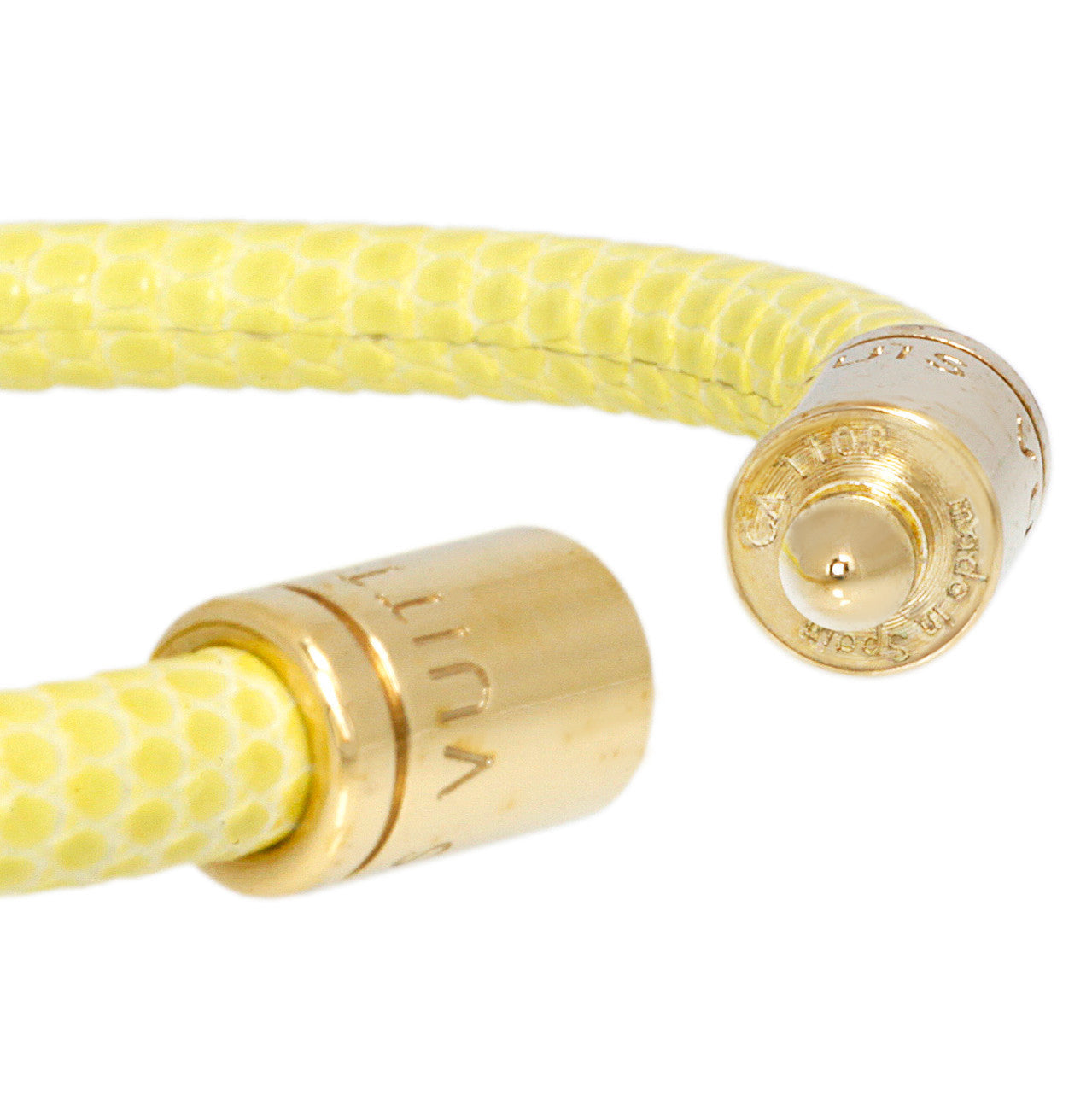 Exclusive Louis Vuitton Yellow Lizard Keep It Bracelet — Back View
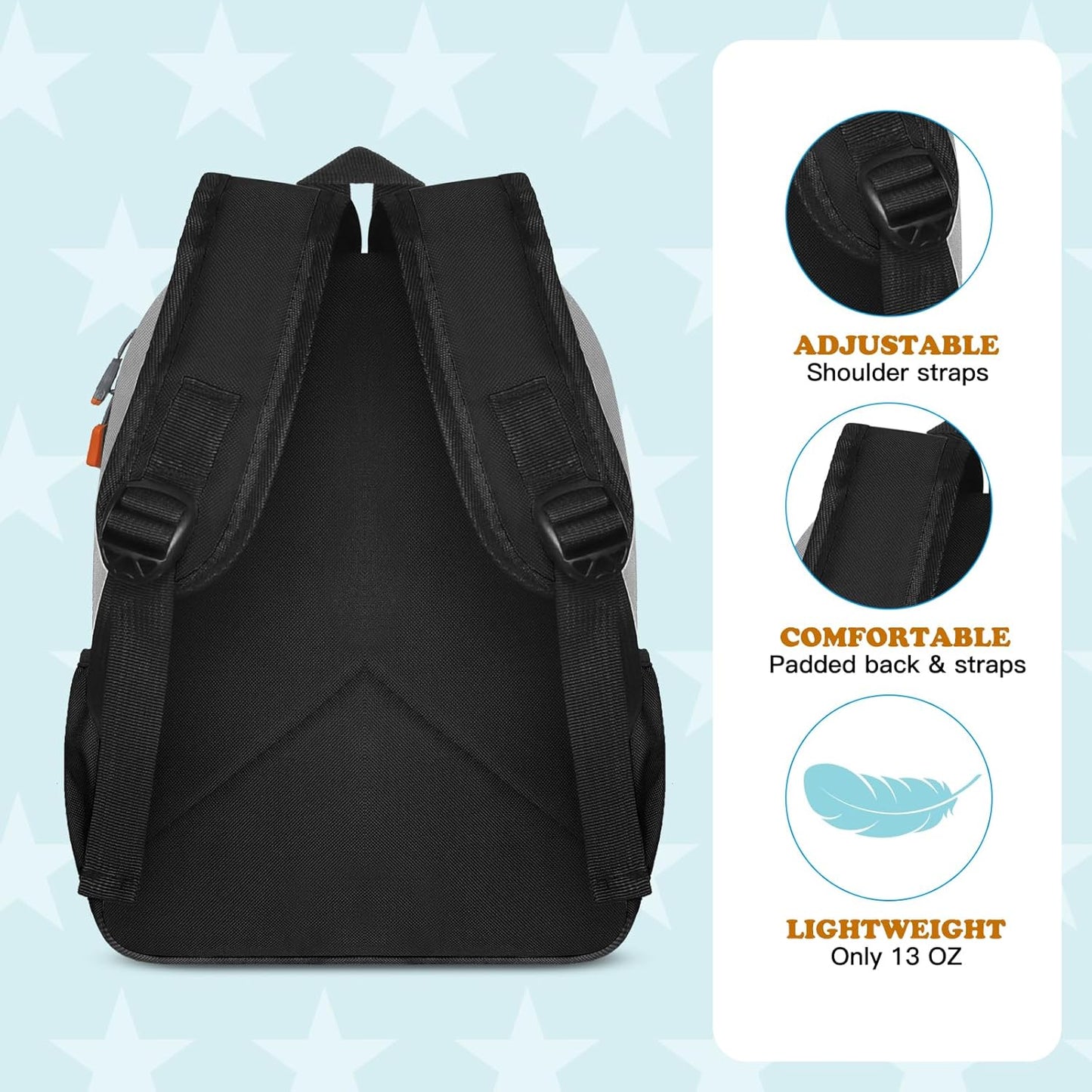 Little Kids Backpack for Girls Boys - Toddler Preschool Backpack School Bag Cute Kindergarten Backpack for Aged 3-6, Grey Black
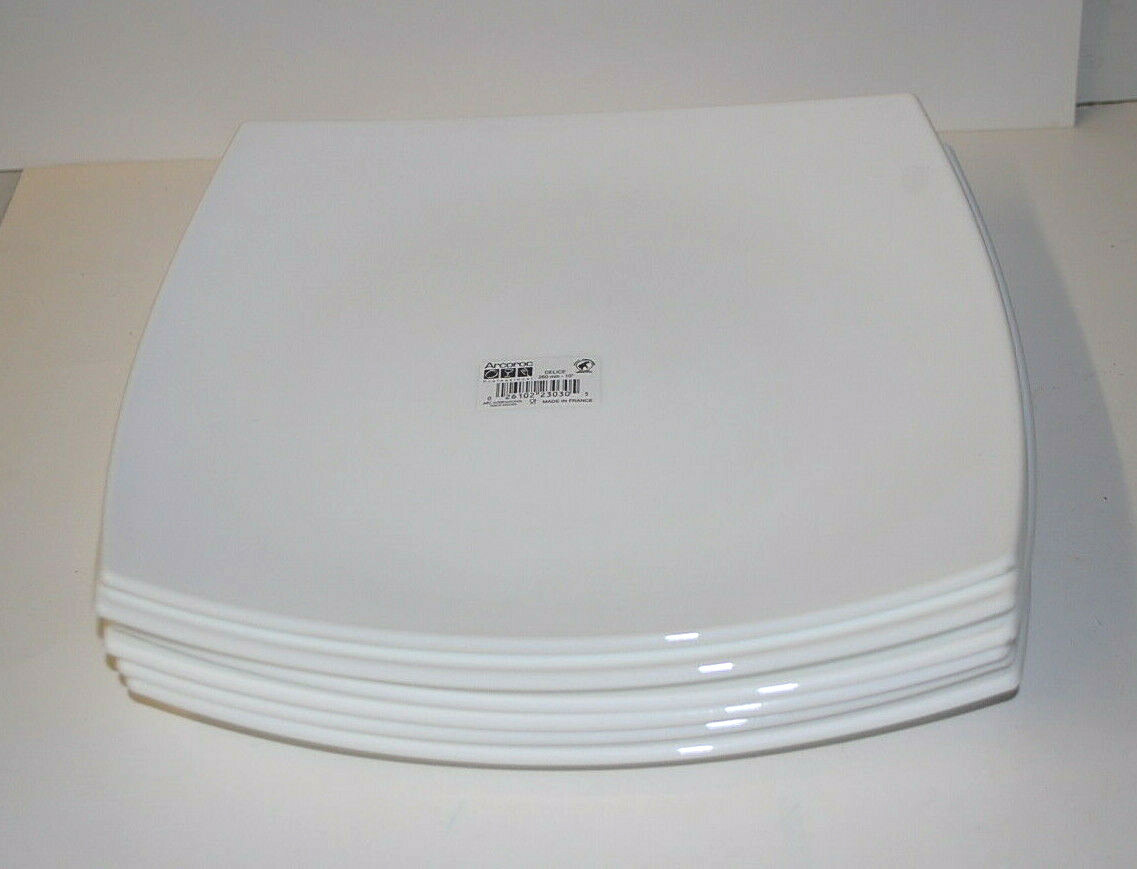Arcoroc Square White 10 1/2″ Dinner Plates C9872 Opal Delice 6 Total C1073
__________
## WHAT TO PRODUCE
Copy out the listing exactly as it stands, but not the pictures.

## ANSWER TO THIS PROBLEM
 Exclusive Louis Vuitton Yellow Lizard Keep It Bracelet — Back View
 Little Kids Backpack for Girls Boys - Toddler Preschool Backpack School Bag Cute Kindergarten Backpack for Aged 3-6, Grey Black
Arcoroc Square White 10 1/2″ Dinner Plates C9872 Opal Delice 6 Total C1073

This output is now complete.